The nutrient data in the MRC database were reported per 100 g of edible portion, whereas IES data represented foods in quantities as purchased. Thus, values for raw foods from the MRC tables were used whenever possible. When data for cooked foods were used (e.g., boiled rice), a conversion factor was applied to the IES food quantity data to adjust the raw weight to that of a cooked weight. These conversion factors were obtained from the nutrient database of the U.S. Department of Agriculture (19 ). To adjust the weight of foods as purchased to the appropriate weight of an edible portion, the refuse for each food item was also subtracted. Common refuse factors were also obtained from the USDA’s nutrient database (19 ).

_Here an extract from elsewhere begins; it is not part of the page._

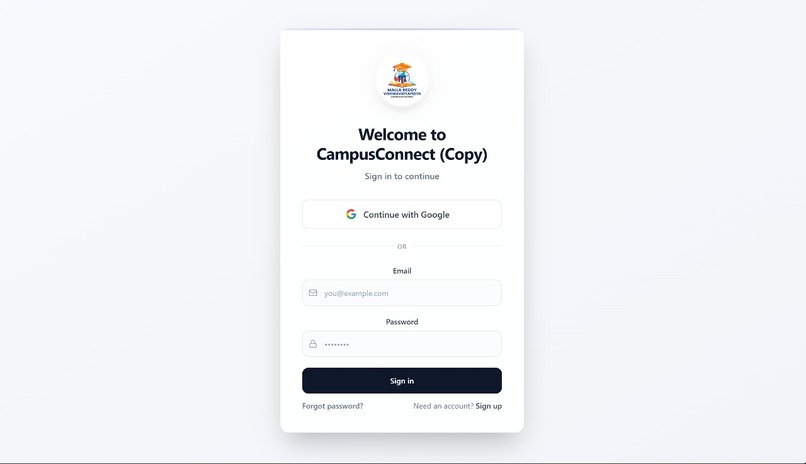 RevolutionizecampuslifeFromsmartnavigationsystemstodigitized – screenshot 7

Information on household composition from the IES was combined with energy recommendations to form the denominator of the low energy availability indicator. In planning and assessment at the group level, South African nutritionists customarily use dietary recommendations developed in the United States. Following in that tradition, we employed the recommended energy intakes listed in the 1989 Recommended Dietary Allowances (16 ). These recommendations are listed for different age-gender groups and assume a light-to-moderate activity level. Although there is substantial variation in activity levels across South Africa, use of these standards provides a benchmark with which to evaluate household food supplies. It should be noted that even with more detailed information about activity levels, we cannot make assessments regarding the adequacy of food supplies for particular households or individuals within households, because of, among other things, the probabilistic nature of nutrient requirements. Thus we use the term "low energy availability" to indicate simply that energy supplies are less than these recommendations, without making inferences regarding adequacy.

Statistical analysis.

The 1995 IES sample and accompanying statistical weights were based on the 1991 South African census, the most recently conducted census at the time of the 1995 survey. To preserve representativity, the weights were adjusted to account for the exclusions due to unusable food expenditure data. This adjustment preserved the weight of each household in a province-race-urbanization cell relative to other households in that cell as well as the influence in overall estimates of each province-race-urbanization group relative to other groups (14 ). All analyses described below were performed using these adjusted weights with the WesVar statistical package (20 ). This software uses replication techniques to estimate variances from survey data that come from complex sample designs. WesVar’s generalized jackknife replication method was used in all analyses performed here because it allows for sample designs in which two or more primary sampling units are selected from each stratum.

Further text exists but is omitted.